Ti₃C₂ MXene, an emerging two-dimensional (2D) transition metal carbide, has gained much interest in the fields of energy conversion and storage, biosensing, electromagnetic interference shielding, and catalysis.^15,16 Its fascinating intrinsic characteristics, such as light-harvesting ability, excellent metallic conductivity, large specific surface area, and low Fermi level, indicate that Ti₃C₂ MXene has remarkable potential as an effective co-catalyst to decorate photocatalytic materials for reducing the light scattering and promoting the separation and transfer of photogenerated charge carriers.^17,18 For photocatalytic H₂ production, Ti₃C₂ with exposed surface-active metal sites has been shown to be a useful co-catalyst.^19,20 However, the co-catalytic H₂ evolution activity of Ti₃C₂ MXene is still unsatisfactory. A series of heterojunction materials based on Ti₃C₂ was created, and an obvious enhancement in H₂ production was reported.^21–23 Therefore, it is meaningful to combine semiconductor materials with precious metals with electron enrichment, as well as single-layer Ti₃C₂ materials with large specific surface areas and excellent conductivity and photothermal properties, to further reduce the photogenerated carrier recombination efficiency and construct efficient semiconductor catalysts.

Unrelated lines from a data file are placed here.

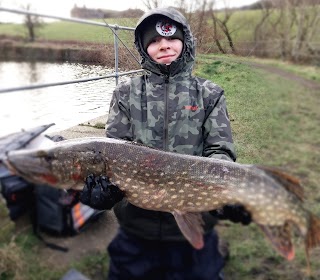 Pike deadbaits Wigan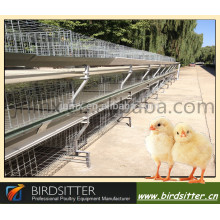 Automatic cage for growing broiler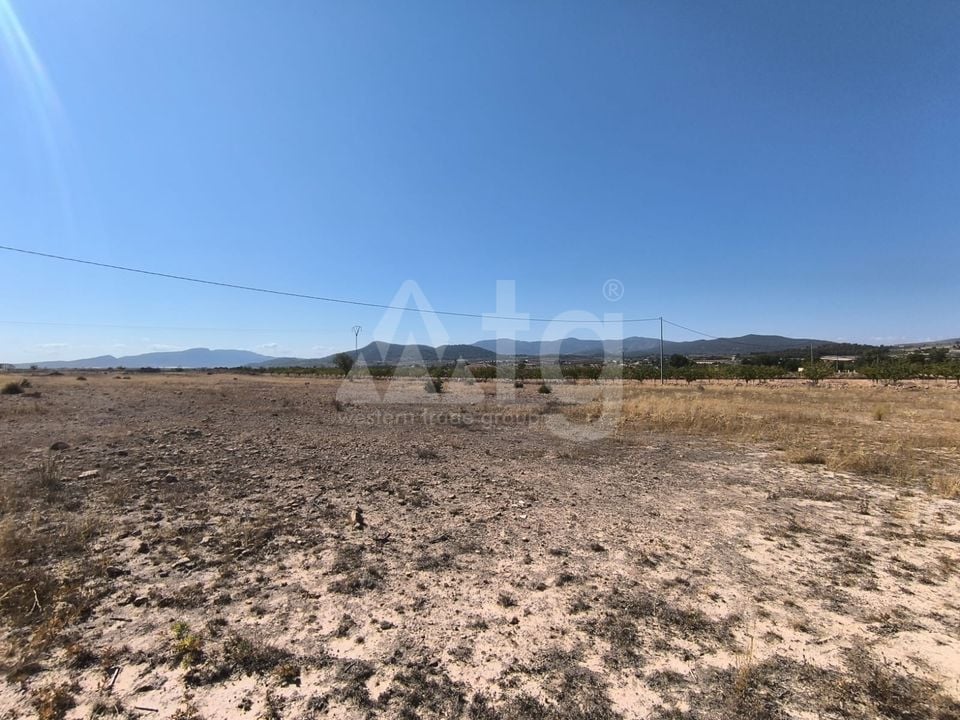 Pozemek   v Pinoso, - SIP97865 - Foto - 5
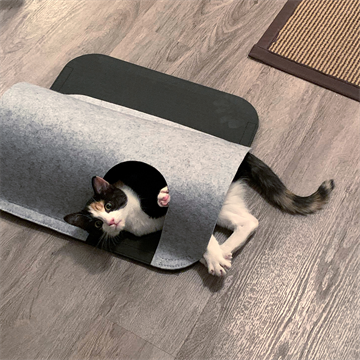 FINN & WINSTON Play Tunnel & Mat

Based on the above-mentioned considerations, we constructed a TiO₂ nanosheet (NS), Pd NP and monolayer Ti₃C₂ NS co-catalyst synergistic TiO₂/Pd/Ti₃C₂ nanocomposite with 2D/0D/2D heterojunctions for improved photocatalytic hydrogen production via photoreduction and electrostatic self-assembly. The photocatalytic H₂ production activity of the TiO₂/Pd/Ti₃C₂ nanocomposite catalysts with different mass ratios was studied, and cyclic experiments were conducted to establish the stability of the composite materials. The surface composition, microstructure, light-harvesting ability, chemical state of elements and charge, separation/transport of the TiO₂/Pd co-catalyst and TiO₂/Pd/Ti₃C₂ heterojunctions were systematically investigated. Furthermore, electron spin resonance (ESR) techniques were employed to analyze the interaction mechanism of the TiO₂/Pd/Ti₃C₂ nanocomposites to improve the photocatalytic H₂ evolution activity. The experimental analyses clarified that the TiO₂/3% Pd/1% Ti₃C₂ heterojunction nanocomposites showed rapid transport of photogenerated charges, exceptional light absorption, and enhanced photocatalytic H₂ evolution, which benefited from the shorter charge transport distance and the effective separation of photogenerated charges at the interface of the TiO₂/3% Pd/1% Ti₃C₂ 2D/0D/2D heterojunctions. This study provides design ideas for catalysts that can improve the performance of TiO₂ photocatalytic decomposition of aqueous hydrogen by interfacial contact and multi-interface synergism.

2. Experimental

2.1. Materials

Tetra-n-butyl titanate (TNBT), hydrogen tetrachloroplatinate (H₂PdCl₄), hydrofluoric acid (HF), and 3,3′,5,5′-tetramethylbenzidine (TMB) were obtained from Sinopharm Chemical Reagent Co., Ltd (Shanghai, China). Ascorbic acid (AA) was purchased from Aladdin Biochemical Technology Co., Ltd. Sodium azide (NaN₃), triethanolamine (TEOA), isopropanol (IPA), superoxide dismutase (SOD) and tetramethylammonium hydroxide (TMAH) were obtained from Sigma-Aldrich (MO, USA). Sodium borohydride (NaBH₄) was purchased from Tianjin Kemiou Chemical Reagent Co., Ltd. The spin traps, 5,5-dimethyl-1-pyrroline-N-oxide (DMPO) and 2,2,6,6-tetramethyl-4-piperidone (TEMP) were purchased from Dojindo China CO., Ltd (Shanghai, China). All the reagents mentioned above were of analytical reagent grade and were utilized without additional purification. Milli-Q water (18 MΩ cm) was employed to prepare all solutions.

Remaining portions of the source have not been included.